§ **Try it**:
Repeat the listing below verbatim, without its images.

§ **Information provided**:
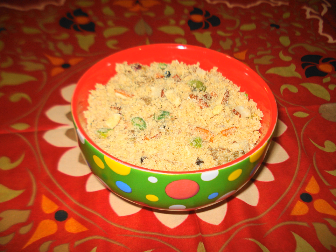Panjiri is a staple from the Punjab region and Hyderabad of the Indian subcontinent, treated as a nutritional supplement. It is made from whole wheat flour fried in sugar and ghee, heavily laced with dried fruits and herbal gums. It is usually eaten in the winters to ward off cold.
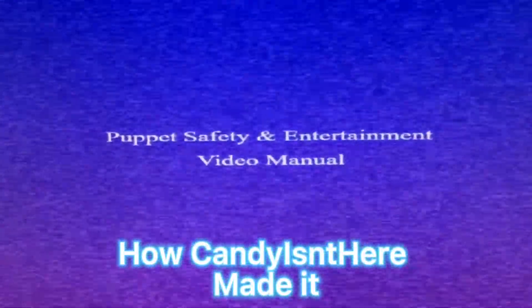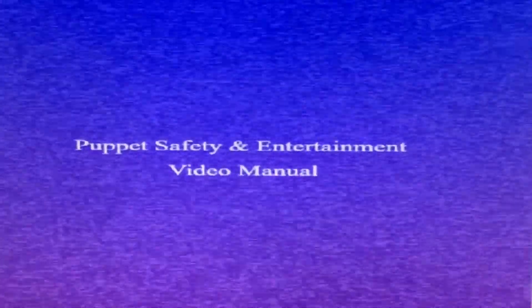Welcome to the official Perfect Safety and Entertainment video manual. The purpose of this video is to teach you the proper procedure on how to fix and clean your animatronics.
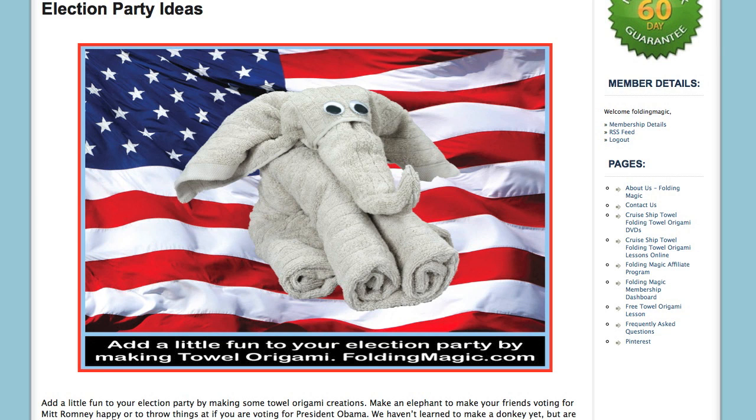So here you have it again, the Towel Origami Elephant, a fun idea for your election party. Take care. Bye-bye.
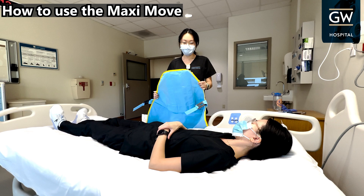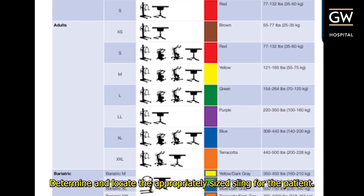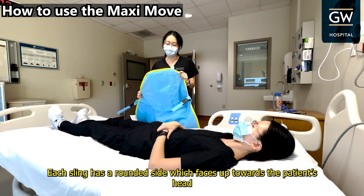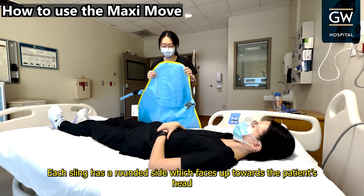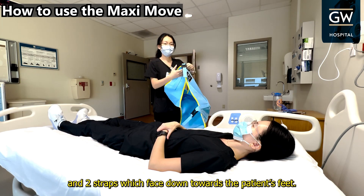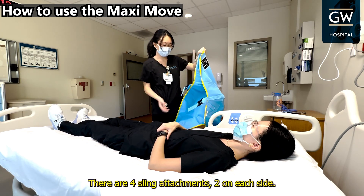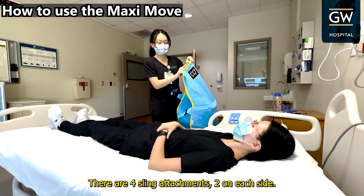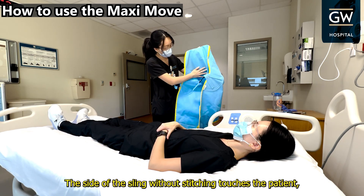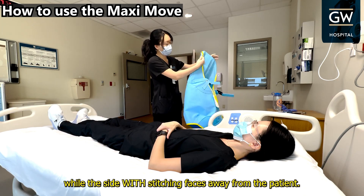How to use the MaxiMove. Determine and locate the appropriately sized sling for the patient. Each sling has a rounded side, which faces up towards the patient's head, and two straps, which face down towards the patient's feet. There are four sling attachments, two on each side. The side of the sling without stitching touches the patient, while the side with stitching faces away from the patient.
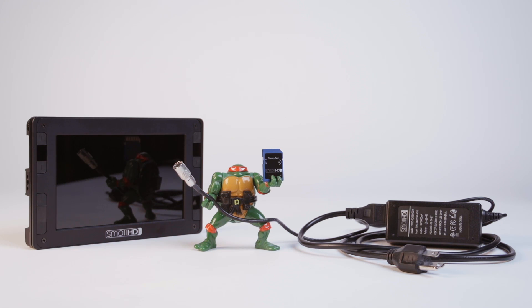To update the firmware on the DP7 Pro field monitor, you'll need a FAT32 formatted USB drive or an SD card, which is preferred, and the DP7 Pro AC power adapter.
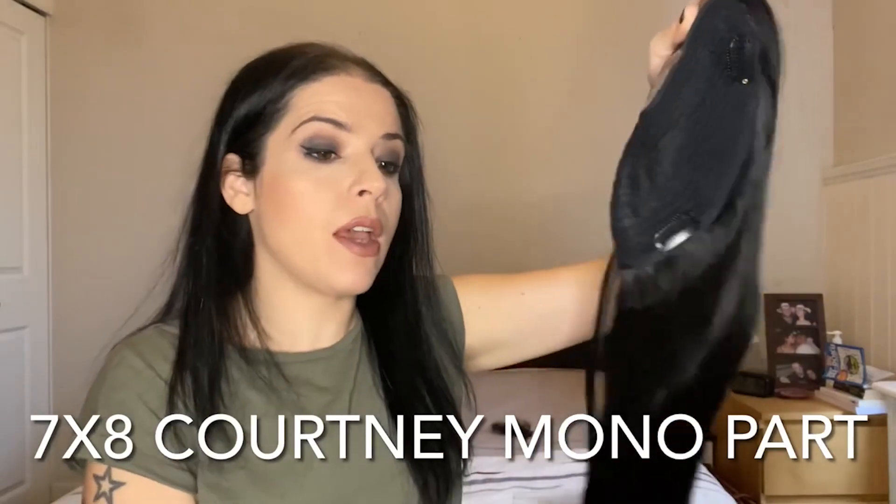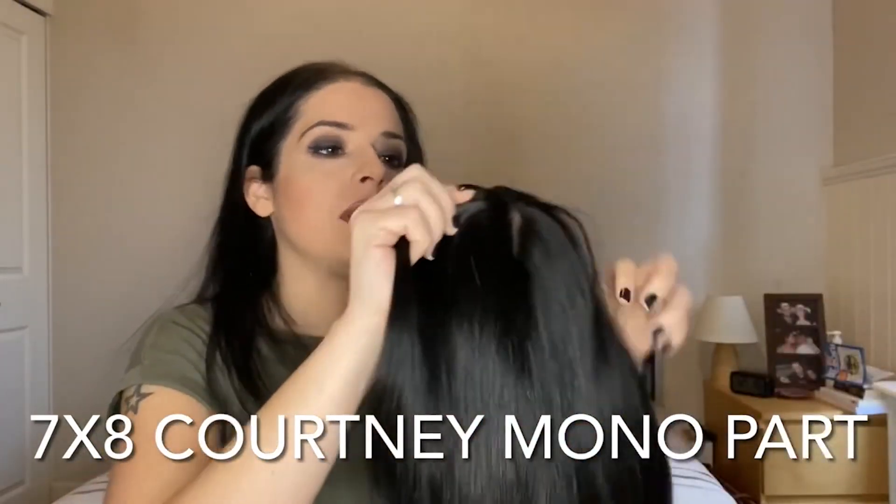This is the 7x8 corny mono part. The part is right in the middle, as you can see over here. If we turn around the topper, we can see the 7x8, so it's covered in a large area of your top, over here of your scalp.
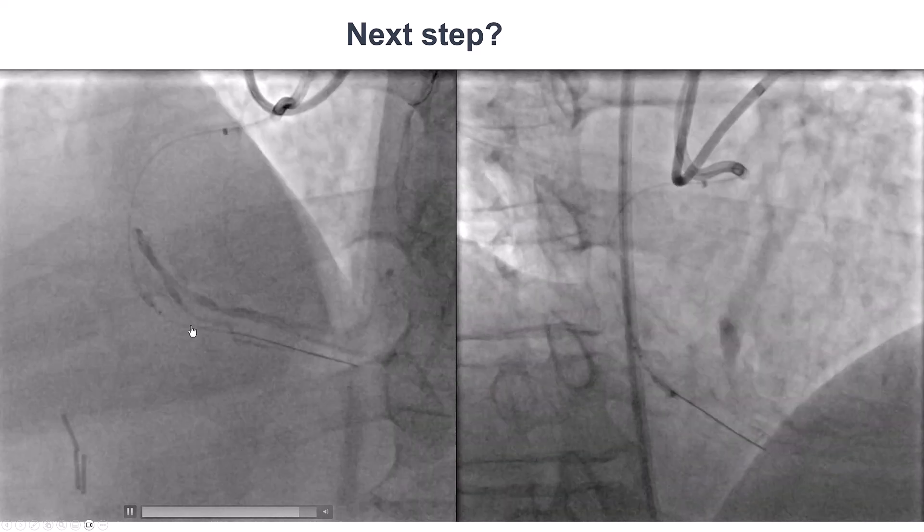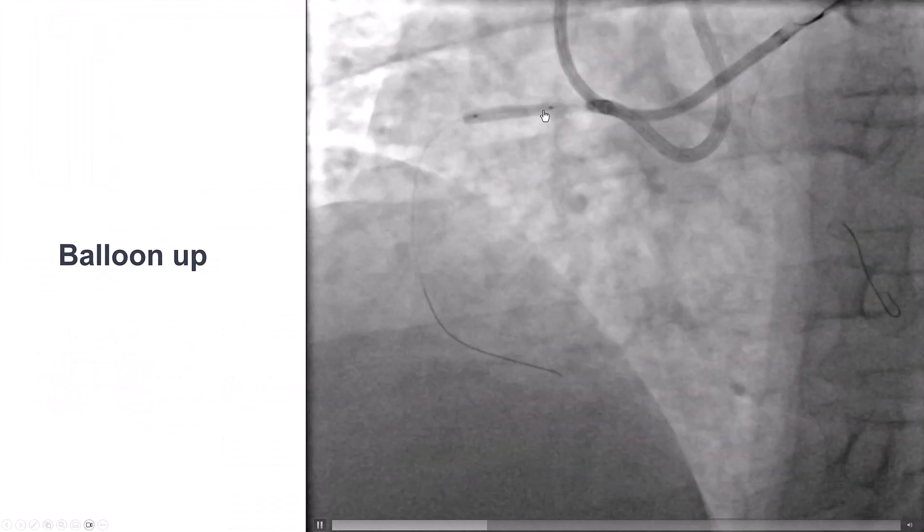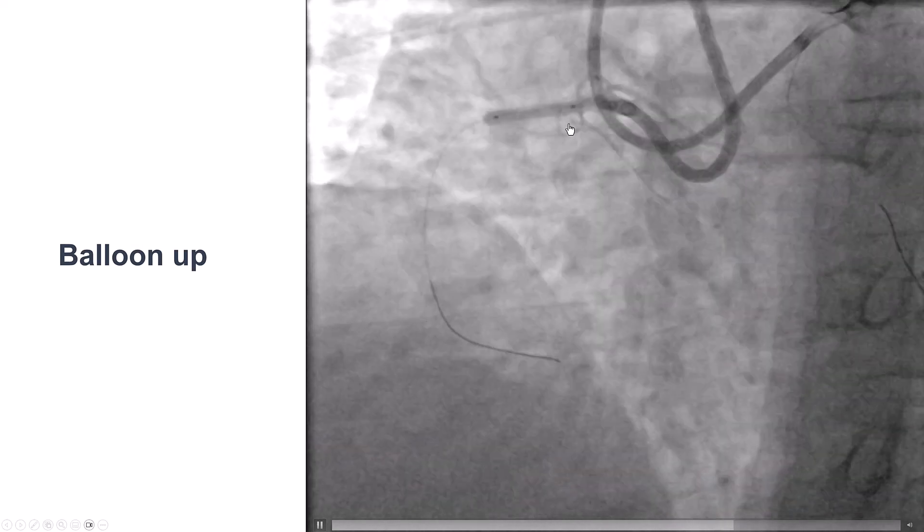This looked fairly concerning for a perforation. The first step for every perforation is to use a balloon to seal it. That is exactly what we did — ballooning the proximal right coronary artery.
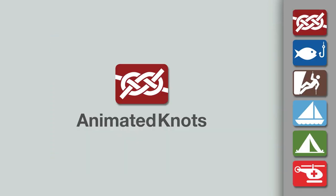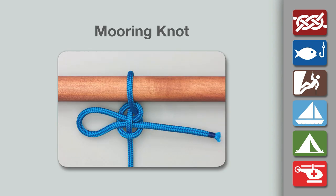Welcome to another knot-tying demonstration from AnimatedKnots.com. This video teaches you how to tie a mooring hitch. CAUTION: Only use this as a temporary hitch for non-critical loads.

§ **Response to the task**:
Panjiri is a staple from the Punjab region and Hyderabad of the Indian subcontinent, treated as a nutritional supplement. It is made from whole wheat flour fried in sugar and ghee, heavily laced with dried fruits and herbal gums. It is usually eaten in the winters to ward off cold.
Welcome to the official Perfect Safety and Entertainment video manual. The purpose of this video is to teach you the proper procedure on how to fix and clean your animatronics.
So here you have it again, the Towel Origami Elephant, a fun idea for your election party. Take care. Bye-bye.
How to use the MaxiMove. Determine and locate the appropriately sized sling for the patient. Each sling has a rounded side, which faces up towards the patient's head, and two straps, which face down towards the patient's feet. There are four sling attachments, two on each side. The side of the sling without stitching touches the patient, while the side with stitching faces away from the patient.
To update the firmware on the DP7 Pro field monitor, you'll need a FAT32 formatted USB drive or an SD card, which is preferred, and the DP7 Pro AC power adapter.
This is the 7x8 corny mono part. The part is right in the middle, as you can see over here. If we turn around the topper, we can see the 7x8, so it's covered in a large area of your top, over here of your scalp.
This looked fairly concerning for a perforation. The first step for every perforation is to use a balloon to seal it. That is exactly what we did — ballooning the proximal right coronary artery.
Welcome to another knot-tying demonstration from AnimatedKnots.com. This video teaches you how to tie a mooring hitch. CAUTION: Only use this as a temporary hitch for non-critical loads.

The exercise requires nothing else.